そのような中で期限付き移籍のメリット・デメリットを考えます。

メリット

○移籍金が発生しない

特に資金力のないクラブにとって、移籍金が発生せずに選手を獲得することができるので、それが大きなメリットとなります。

ただし、移籍先クラブがレンタル料金を移籍元クラブに支払う場合がほとんどです。それでも、完全移籍と比べて期限付き移籍のほうが経済的なメリットが大きいのです。

J2クラブなどは特に資金力がないので、J1の若手有望選手を期限付き移籍で獲得しているクラブは少なくありません。

○育成の機械を提供できる

これは移籍元クラブのメリットとなるのですが、選手の給料を負担することなく、選手に試合出場の機会を提供できます。考え方を変えると、人のお金(移籍先)で選手の育成ができるということになります。

J1の強豪クラブでは、若手を育てたいがポジションを確保できない(試合に出ることができない)選手をこうやって、外に出して試合感を養ってもらうメリットがあるのです。

○プレーする機会が増える

これは選手側のメリットになるのですが、特に若い選手にとって実践野庭が何よりも貴重な体験となります。

そのため、出場機会を求めて、期限付き移籍を直談判する選手もいます。

それによって、大きく成長し日本代表選手に育った選手も少なくありません。

選手にとっては、試合に出場することがなによりもアピールの場になりますし、それによって代表選手に選ばれる可能性も大きく膨らむのです。

デメリット

○選手の保有権は移籍元クラブにある

移籍先クラブで大活躍したとしても、期限が切れれば移籍元クラブに戻らなくてはいけません。

そのため、移籍先クラブとしては戦力が安定しない、その場限りの戦力(助っ人)としての扱いとなってしまうのです。

○移籍元クラブとの試合には出場できない

絶対というわけではないようですが、多くの場合、移籍元クラブとの試合には出場できないといった制約を設ける場合があります。

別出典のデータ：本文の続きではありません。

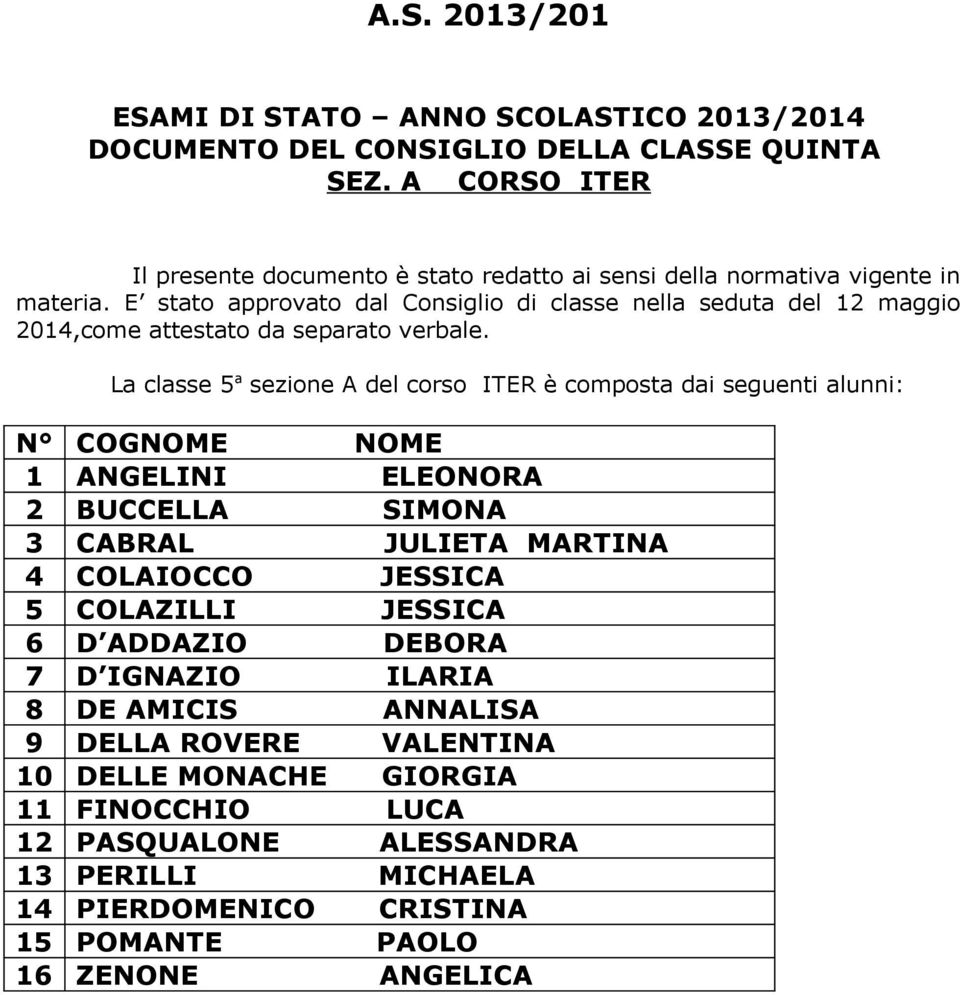 E stato approvato dal Consiglio di classe nella seduta del 12 maggio 2014,come attestato da separato verbale.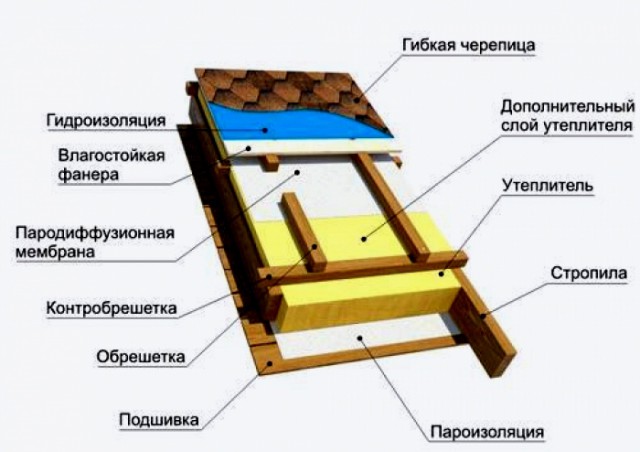 Как я строил дом., Часть 2
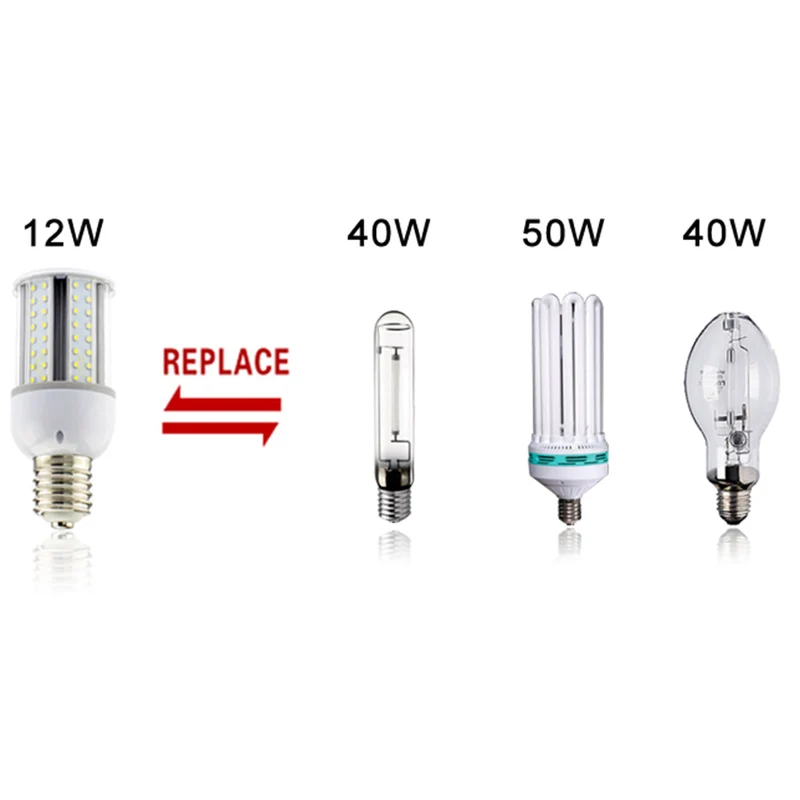 40 stycken (1 kartong) LED Gatulampa 360° 12W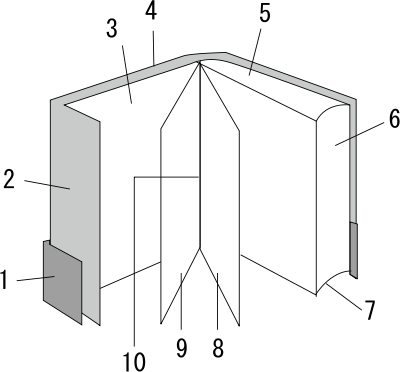 Scheme of common book design  1 - belly band 2 - Flap 3 - Endpaper 4 - Book cover 5 - Top edge 6 - Fore edge 7 - Tail edge 8 - Right page, recto 9 - Left page, verso 10 - Gutter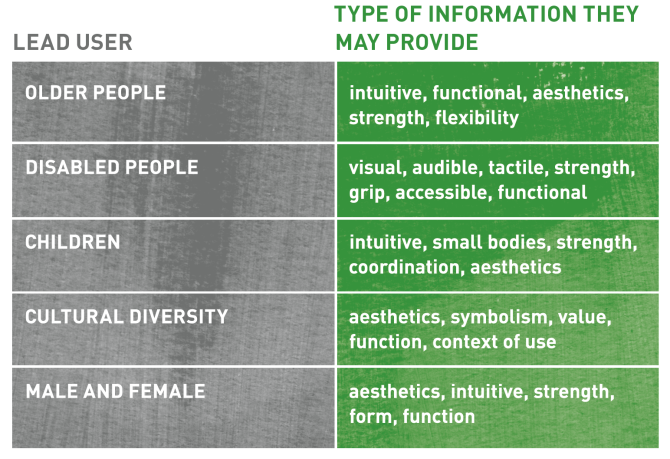 Here is a list of different lead users and the type of information they provide; OLDER PEOPLE can provide with: intuitive, functional, aesthetics, strength, flexibility challenges. DISABLED PEOPLE can provide with: visual, audible, tactile, strength, grip, accessible, functional challenges. CHILDREN can provide with: intuitive, small bodies, strength, coordination, aesthetics challenges. CULTURAL DIVERSITY can provide with: aesthetics, symbolism, value, function, context of use challenges. MALE AND FEMALE can provide with: aesthetics, intuitive, strength, form, function challenges.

この場合は、そういった条件を公表しなくてはいけません。(FAのプロサッカー選手の契約、登録及び移籍に関する規則より)

○移籍先クラブでは出場できない大会がある

期限付き移籍に限った話ではないのですが、欧州のCL(チャンピオンズリーグ)やEL(ヨーロッパリーグ)では、移籍元クラブですでにCLの本戦に出場している場合、移籍先クラブでは出場できません。

レンタル移籍という言葉

期限付き移籍とレンタル移籍は同じ意味なのですが、ニュースによっては、レンタル移籍と報道されることもあります。

海外のニュースサイトなどを見ると、期限付き移籍は「LoanDeal」あるいは単に「Loan」と表記されることが多いようです。

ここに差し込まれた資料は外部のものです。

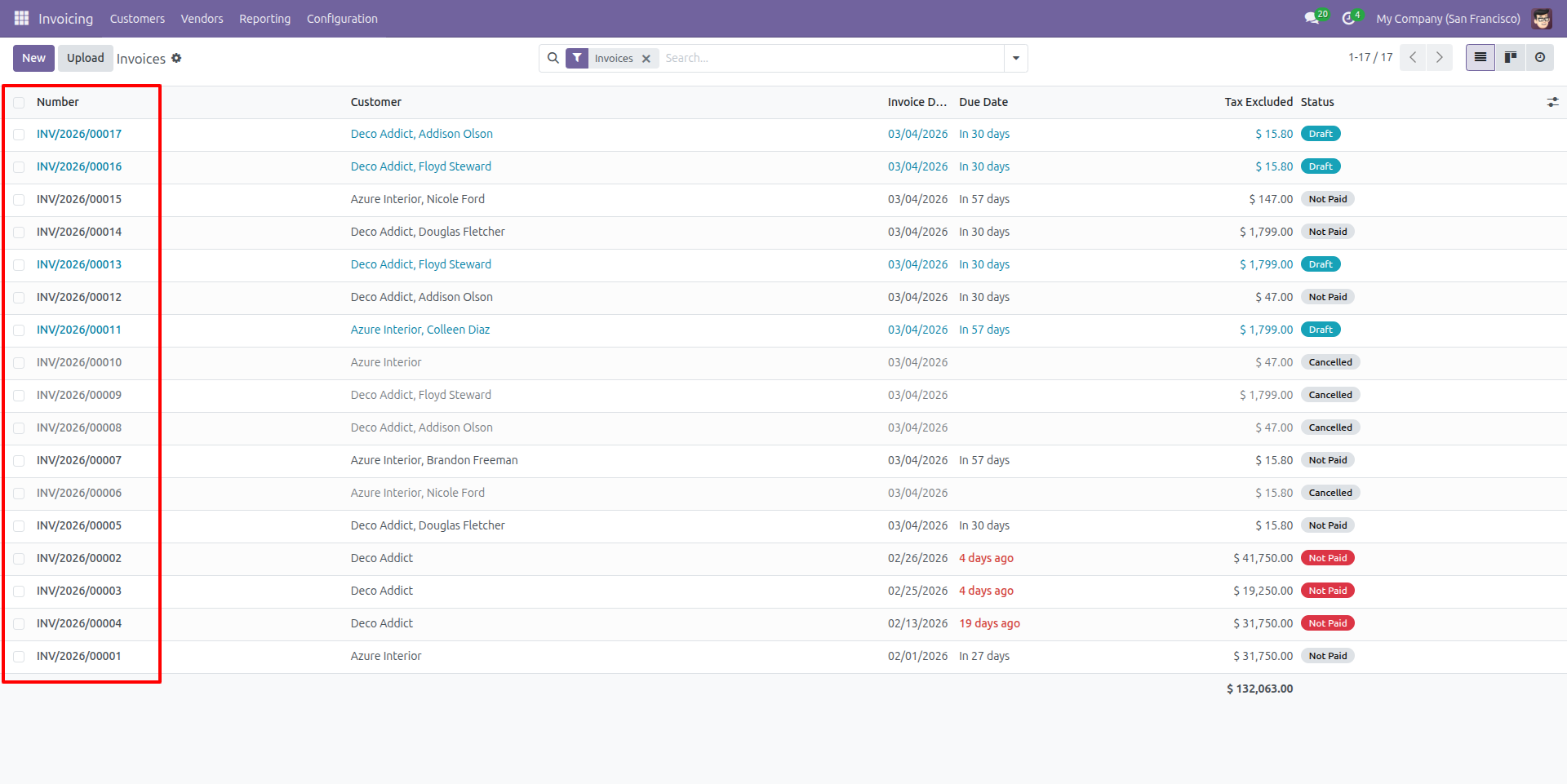 Invoice Records Updated After Cancellation and Deletion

本来は、ローン移籍というほうが正確なのかもしれませんが、日本ではローンよりもレンタルのほうが意味が通りやすいのでこちらの表記を用いることが多くなっています。

買取りオプションについて

期限付き移籍の場合、たまに移籍先クラブが「買取りオプション」を使って、選手を買い取ったというニュースを聞くことがあります。

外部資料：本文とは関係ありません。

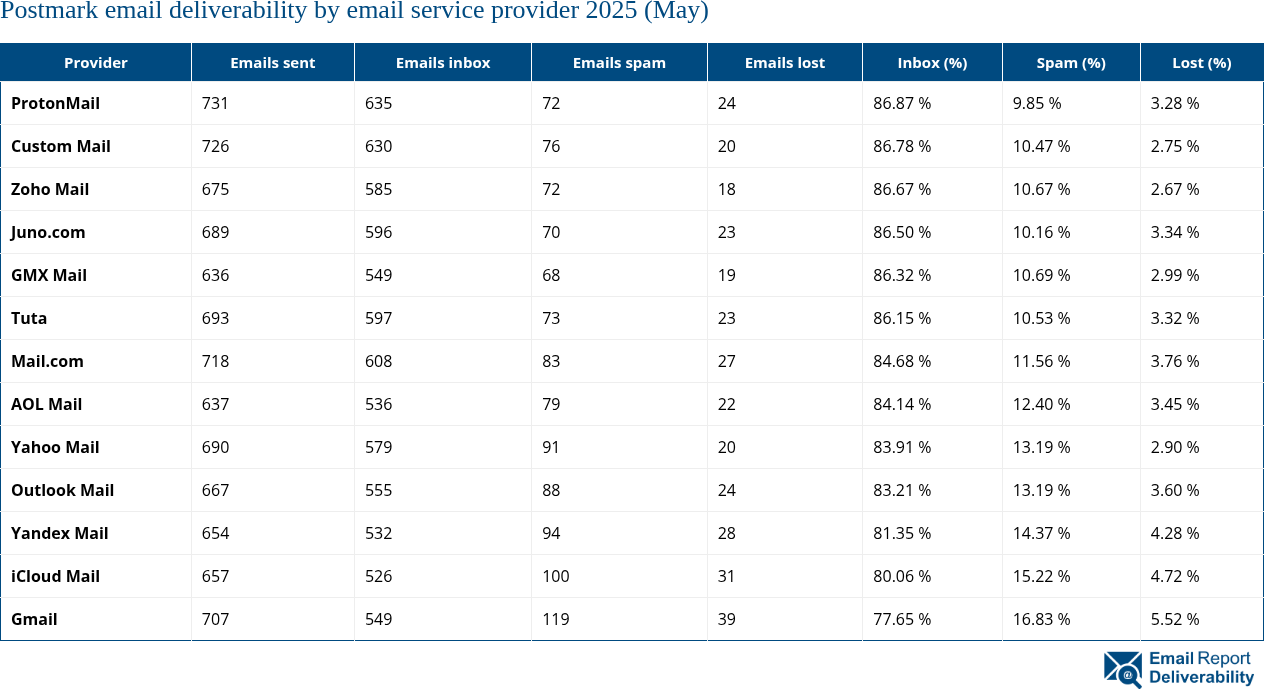 Postmark email deliverability by email service provider 2025 (May)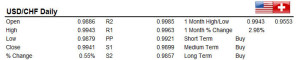 USDCHF 02/01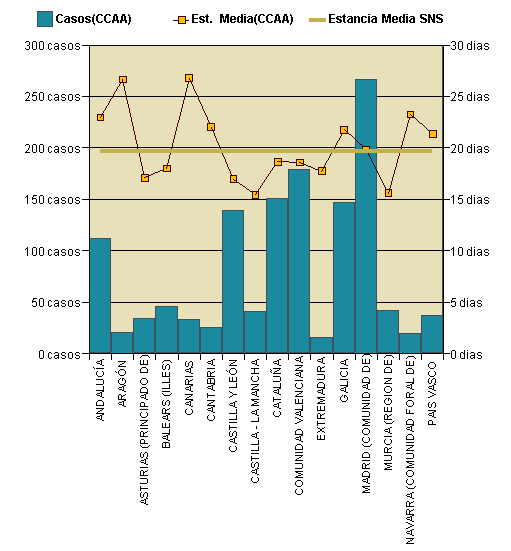 Gráfico 1: Distribución altas y estancia media por CCAA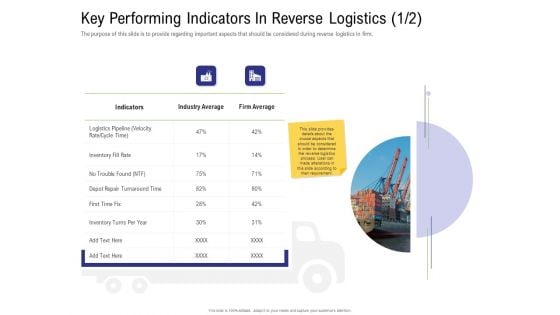 Strategy For Managing Ecommerce Returns Key Performing Indicators In Reverse Logistics Cycle Background PDF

期限付き移籍の契約の中に織り込まれているものですが、期限付き移籍の期限が来たときにこの「買取りオプション」が付いていると、移籍先クラブの意思によって、選手を完全に買い取る(完全移籍)するかどうかの選択肢を持つ事ができるのです。

移籍先クラブで、選手が期待以上の活躍をした場合に選択されるオプションであり、これには選手の意向が大いに反映されるようです。

また、移籍元クラブが武者修行的に期限付き移籍を選択する場合は、将来的に成長して戻ってきてほしいと思っているので、「買取りオプション」を付けることは基本的にはありません。

ネットの声

「柿谷曜一朗や斎藤学なんかはレンタル移籍で活躍して日本代表になってブラジルワールドカップのメンバーになったからね」

「サッカーに限って、移籍は負のイメージはまったくない」

「選手のステップアップには必要な仕組みだと思う」

プロ野球以上に選手の移籍が多いサッカー界ですが、国内国外に関係なく選手が移籍する場合は、期限付きなのか完全なのかはまったく別の意味となるので、注意深く観察したいものです。